I also see this in data management, and how staff perceives the quality of data. Many people “anchor” their perception to one specific event, rather than measuring data quality over a period of time. For example, I’ve worked with many clients over the years who will tell me their data is bad, and when I asked for an example, they give me a single example of a board list pulled from the database that had an error in it…from four years ago. Ever since that moment, they’ve anchored in their mind that the data is bad.

How to beat the anchoring effect? Like confirmation bias above, find data that contradicts your position. Seek out information that directly contradicts your belief and test it to see if it holds up. Your “anchor” may still be correct, but it’s certainly worth testing to be sure.

Availability heuristic: This is one of my favorites because I see it so frequently, and it’s often easy to debunk. This one is a mental shortcut that relies on immediate examples that come to one’s mind when evaluating a specific topic, concept, method or decision. Where do I see this most often? When asking people to evaluate the quality of their data. If someone says their data is “bad” and you ask for examples, they’ll almost always point to something that just happened. “Just last week we pulled a list of members and the count was wrong.”

This is a natural reaction to any question, but the problem is that often just because it happened recently does not mean it’s happening frequently. In fact, I usually follow that statement with the question: “And how regularly does this happen?” Often, the answer is “I don’t know.”

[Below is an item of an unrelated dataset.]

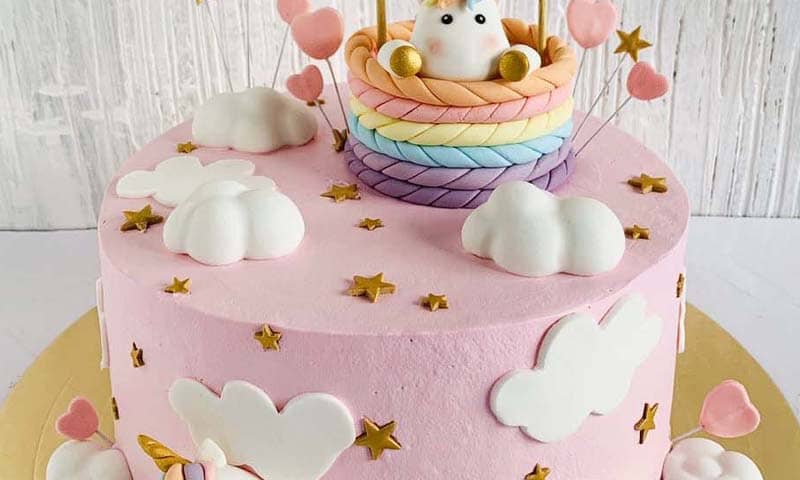 Торт на рождение ребенка и другие десерты: капкейки, пирожные, пряники
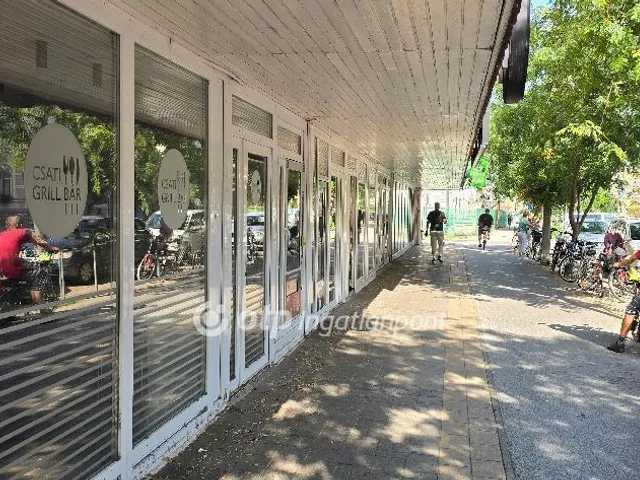 Eladó kereskedelmi és ipari ingatlan Hajdúböszörmény 80 nm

The way to avoid the availability heuristic is to make sure you have plenty of data, over a good amount of time, to answer any question that requires data. For example, associations always struggle with knowing “what’s on our members’ minds.” One of the best ways to answer this question is to capture interactions with your members in your AMS. When a member calls or emails with a specific question related to your industry or profession, capture that information in your AMS, and categorize its type/topic. Over time you’ll be able to easily determine the trend of questions and topics you’re receiving from your members, and you won’t have to base your answer on simply the most recent conversation you’ve had (the availability heuristic!).

Cognitive biases are a natural human phenomena and the are not inherently bad. (In fact, some biases can save your life!) But understanding the biases above, and how to counteract them, can help you from making poor or ill-informed decisions. Being aware of them is the first step toward dealing with them.

*(All definitions courtesy of Wikipedia.)